“What is she?” Gilla asked hoarsely.
“The Eight of Flames-the Lady of Fire whose touch can warm or destroy!”
“What will She do to Sanctuary?”
Illyra was shaking her head. “I do not know. I have never drawn Her reversed in a reading before. Oh, Gilla-” The S’danzo’s face twisted in a terrible smile. “I did not choose this card!”
In the days that followed, the Lady of Fire came to Sanctuary, not in bolts of flame from heaven as Gilla and Illyra had expected, but silently, insidiously, as a flame that kindled in men’s flesh and consumed them slowly from within.
For weeks the weather had been close and still-plague weather, though usually it came to Sanctuary later in the year. In a city whose sanitation system had been designed to move men secretly rather than sewage efficiently, epidemics were an inevitable sign of summer, like the insects that swarmed across the river from the Swamp of Night Secrets.
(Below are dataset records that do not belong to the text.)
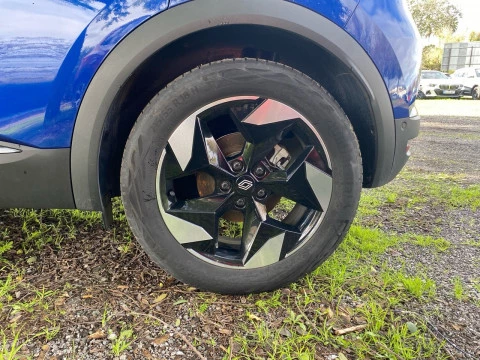 Renault Captur techno Eco-G 100cv (74 kW)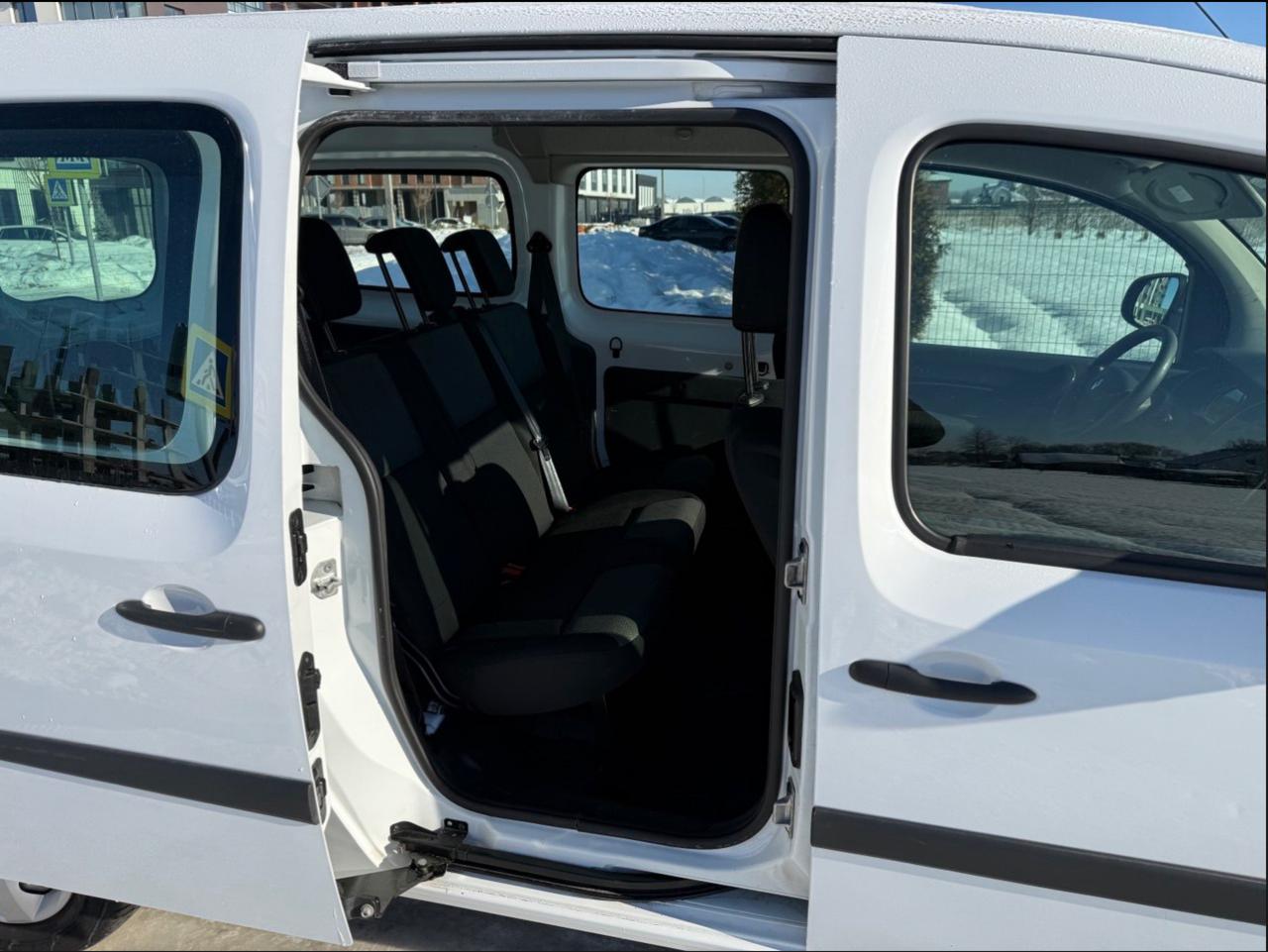 Фото - Renault Kangoo pass #6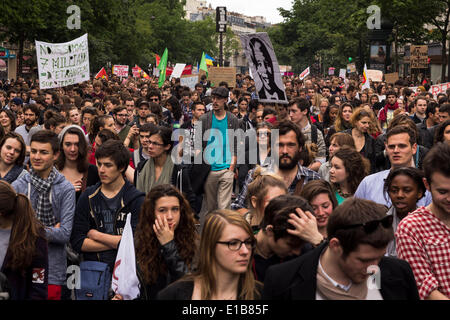 Paris, France. 29 mai 2014. Protestation contre le Front national : des centaines de personnes prennent part à la manifestation organisée à Paris, France jeudi, 29 mai, 2014. Pour la première fois dans l'histoire française une partie de l'extrême droite, Marine Le Pen et du Front National (FN), a remporté les élections au parlement européen avec 25  % des voix Crédit : Cecilia Colussi/Alamy Live News Banque D'Images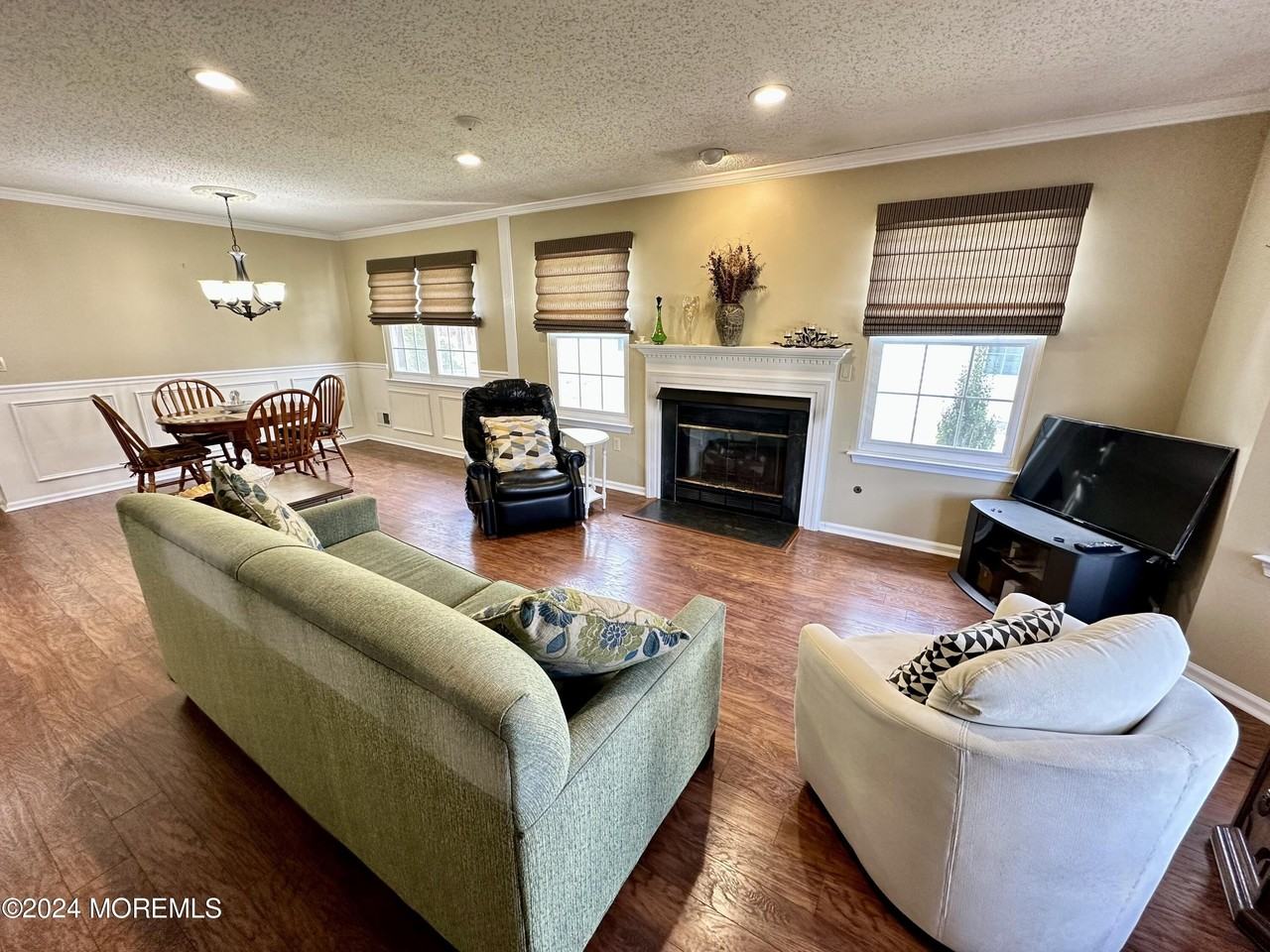 21 Dogwood Dr - Photo 4 of 18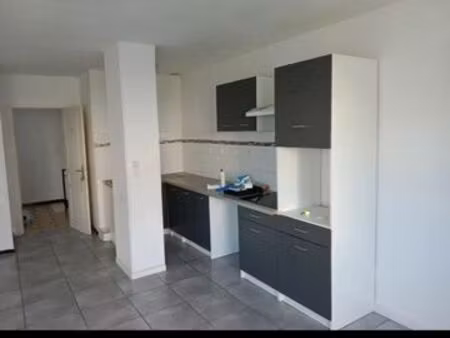 immeuble 153 m² lamothe-landerron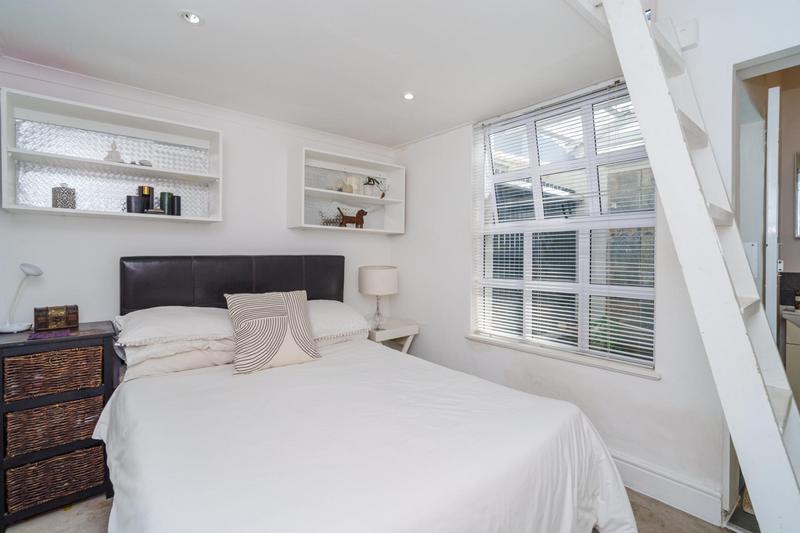 2 Bedroom Property for Sale in Harfield Village Western Cape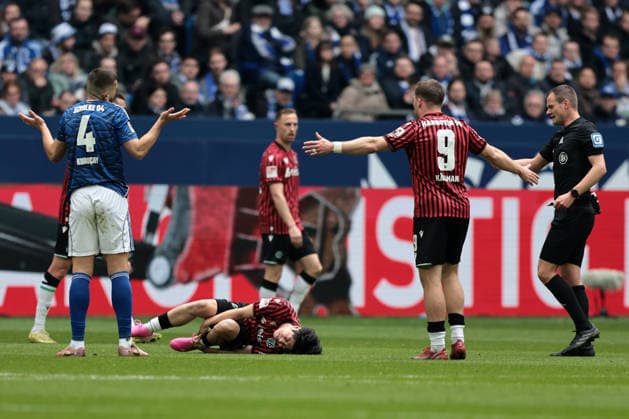 Daisuke Yokota Hannover 96 lies injured on the ground during the match of the 2 Bundesliga season 2025 26 FC Schalke 04 Hannover 96 Copyright Thomas Pakusch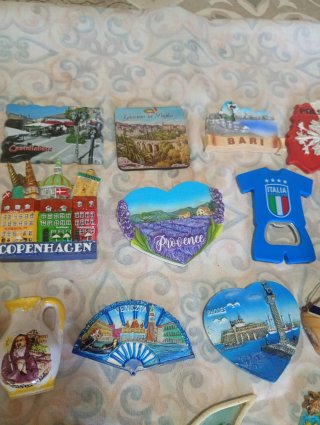 Lotto 60+ magneti souvenir città
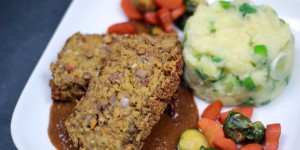 Beitragsbild des Blogbeitrags Herzhafter Linsenbraten (HCLF & vegan)
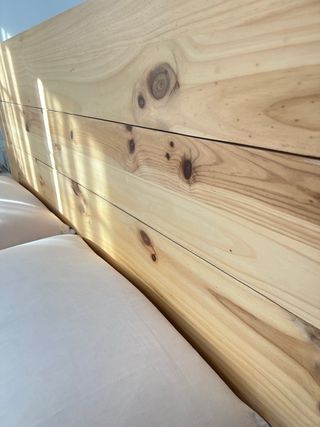 Testiera in legno di pino naturale.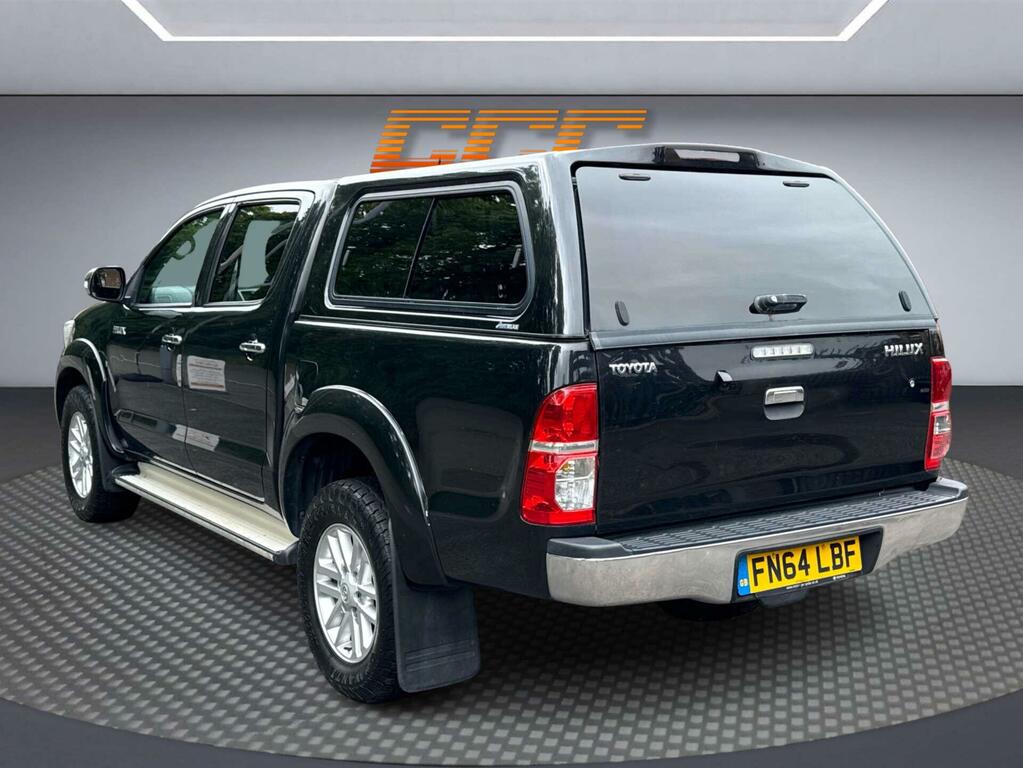 Toyota HILUX Active 4X4 D-4d Sc White #9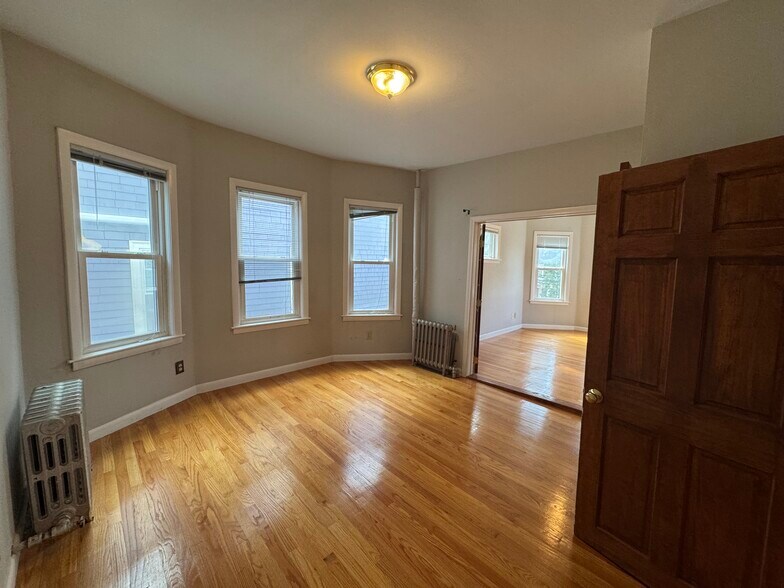 Building Photo - 23 Tufts St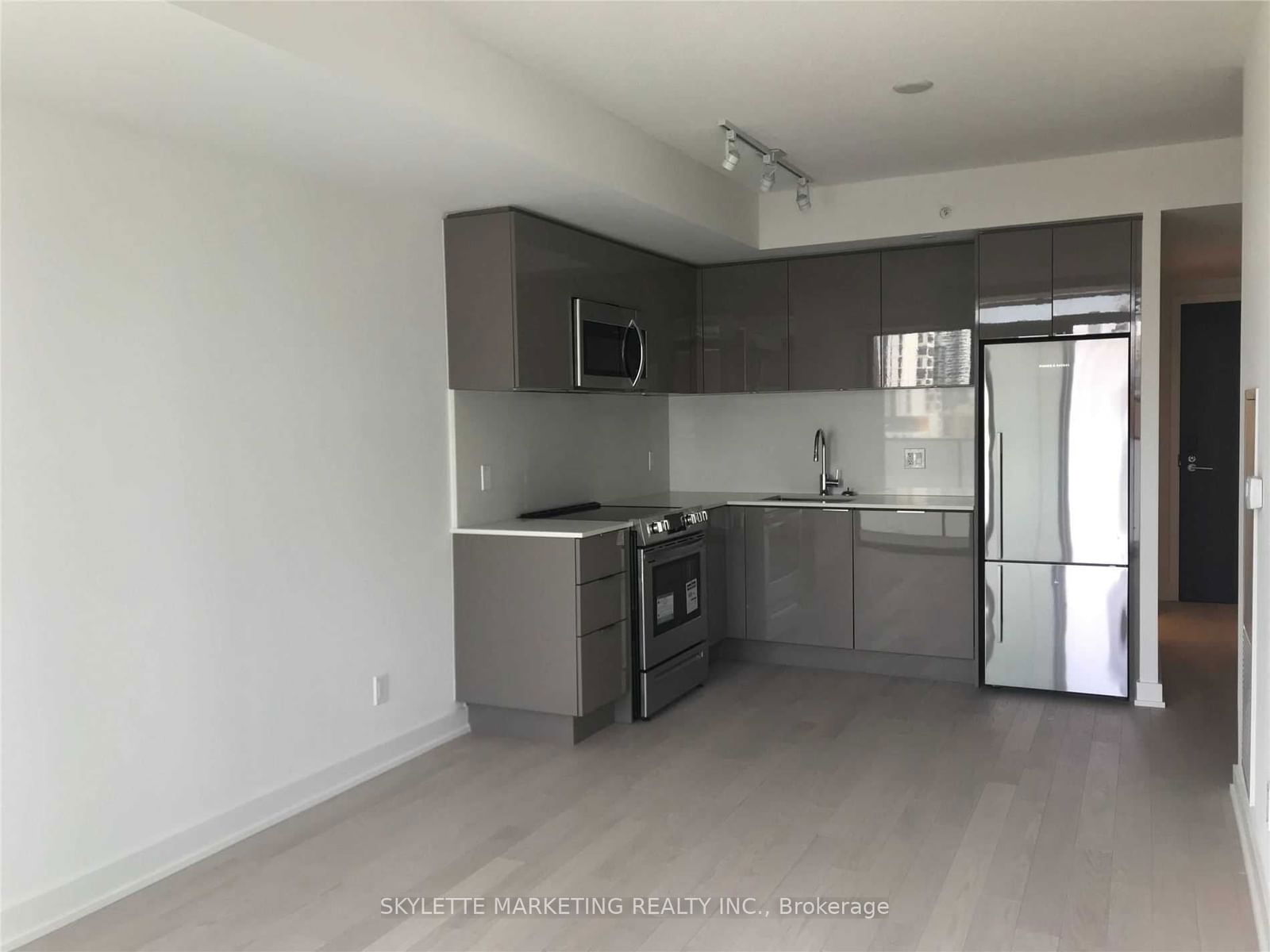 25 Richmond St E, unit 1516 for rent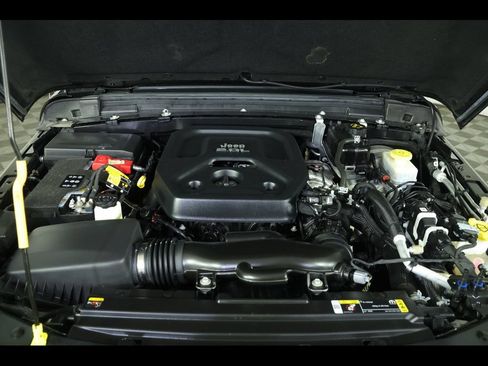 Used 2022 Jeep Wrangler Unlimited Sport AWD/4WD image 17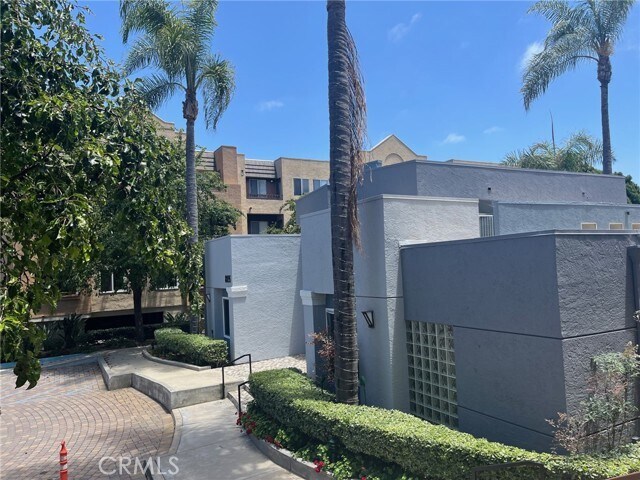Building Photo - 8889 Caminito Plaza Centro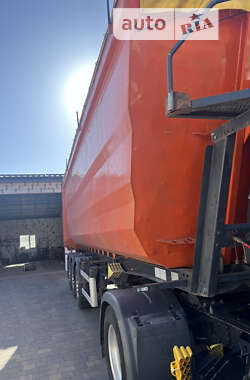 Самоскид напівпричіп Kempf SK 2013 в Дніпрі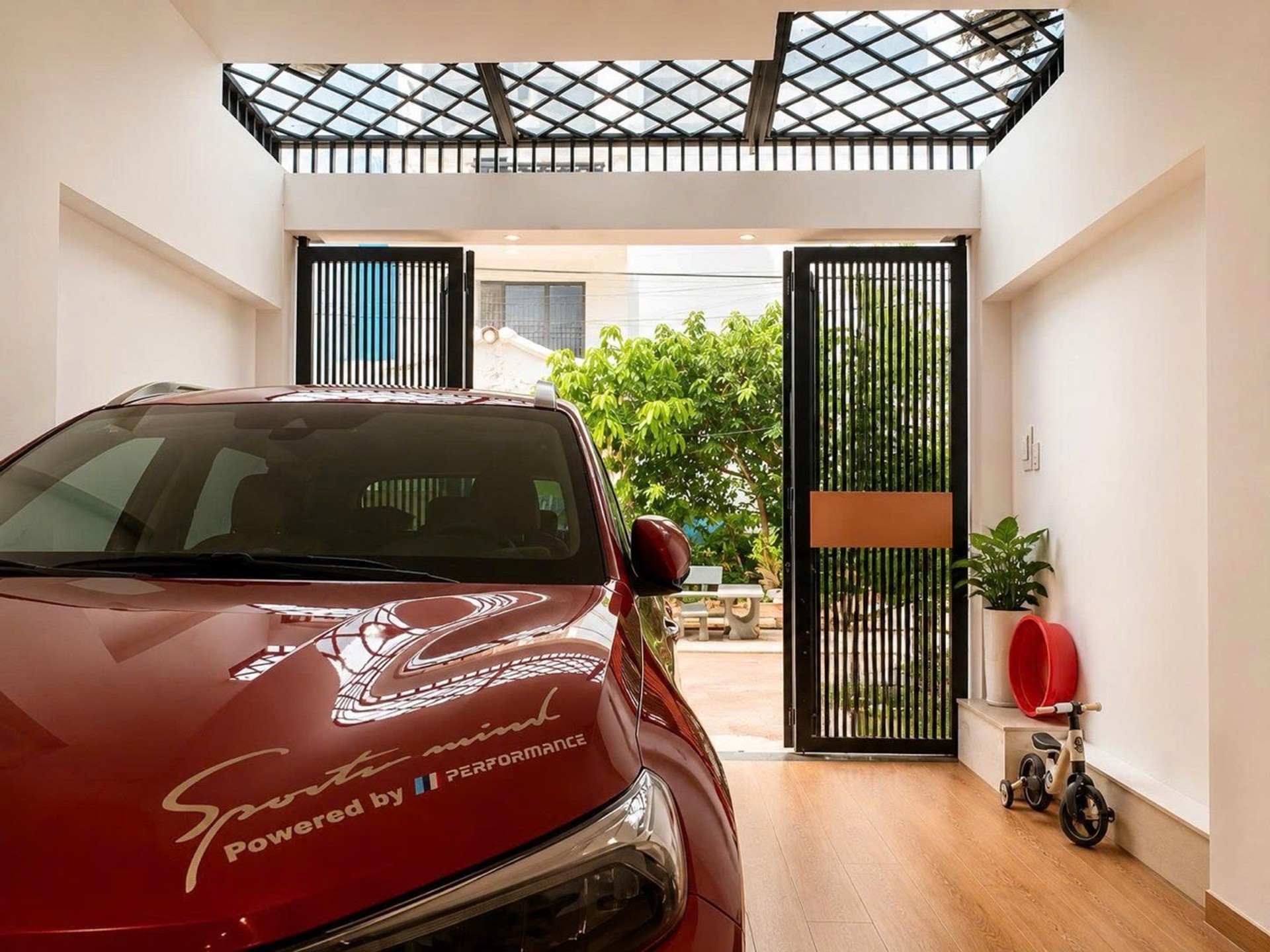 Nhà mới rộng rãi, view xanh tại Long Trường Thủ Đức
But a dry spring had lowered the water table early, and without enough flow to flush them, the disease bred in the filthy channels and spread swiftly through the town.
It began in the streets around Shambles Cross and moved like a slow fire into the Maze and the Bazaar, where a few corpses more in the morning caused little comment, until the kisses of the drabs who plied their trade in the cul-de-sacs and doorways burned with more than passion’s fire, and men began to fall from the benches in the Vulgar Unicorn with their mugs untasted. Soldiers drinking in the taverns carried the plague back to the barracks, and servants going to their work in the great houses of the merchants carried it to the better quarters of the town. Only the Beysib seemed to be immune.